I started out as a journalist. And though I’ve strayed a bit from the Lois Lane lane, I spent enough time wearing a reporter's shoes to learn a few things.
Now, I wear a publicist's hat, but our clients gain from my former life in the journalism realm. Here are my quick tips for getting media coverage.
Tip #1: Do your homework.
Know what your journalist writes about. Don't pitch a story about rooftop gardens to a sports columnist. And whatever topic you’re covering, be sure to do your research, back it up with data, and fact-check your sources.
Tip #2: Have a heart.
Like the cat that hates to be scratched behind his ears, reporters can be fickle in the way they like to be contacted. If your busy journalist prefers a short, concise email (and most of them do) vs. a phone call or lengthy press release with a million attachments, then that's how you should pitch your story idea to them.
Tip #3: Get to the point.
Just like any good news article, use an attention-grabbing headline and hit 'em with the Five Ws. If it's compelling, they'll want more info.
Tip #4: Make it easy.
Include a URL that links to more info so your reporter can do some poking around and, who knows, maybe decide to post to Facebook or Twitter. That's coverage.

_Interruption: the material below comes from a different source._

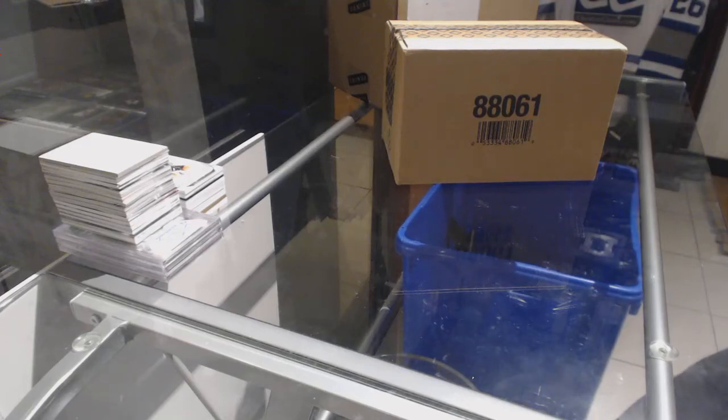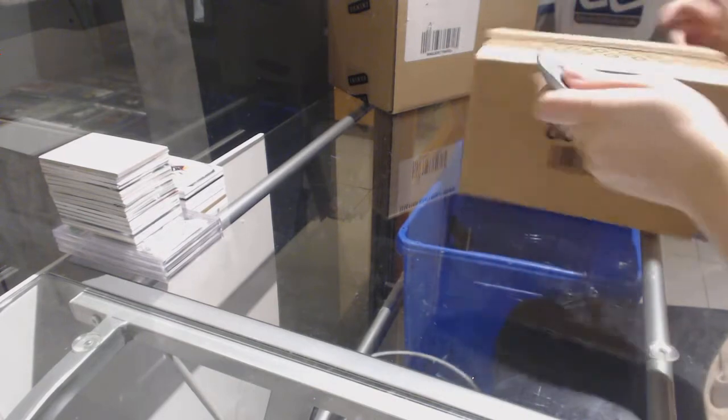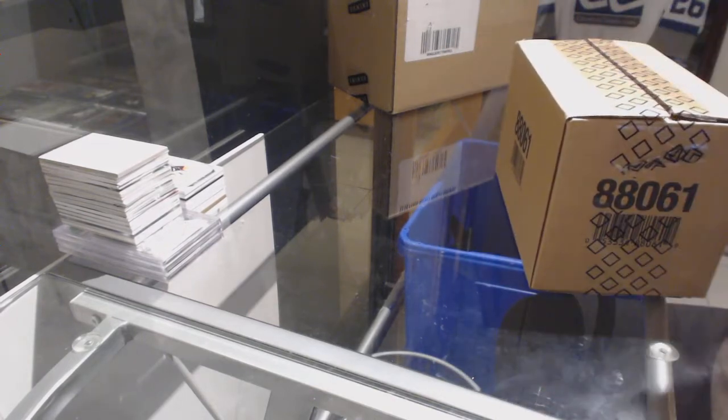Starting off the C&C Group Break at $78.99, we've got the 2017-18 Upper Deck Artifacts 10-box case break.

Don't attach a .PDF or any other file the reporter then has to open. They won't open it.
Tip #5: Track it.
Set up a Google Alert for yourself/client/company if you haven't already. Sometimes journalists will post coverage online without ever notifying you (sneaky, sneaky) and a Google Alert will give you a heads up.
Just remember, journalists are people too. Be clear, concise, and honest. They want to create a compelling story for their readers. All you need to do is give them easy access to all the ingredients they'll need to do it.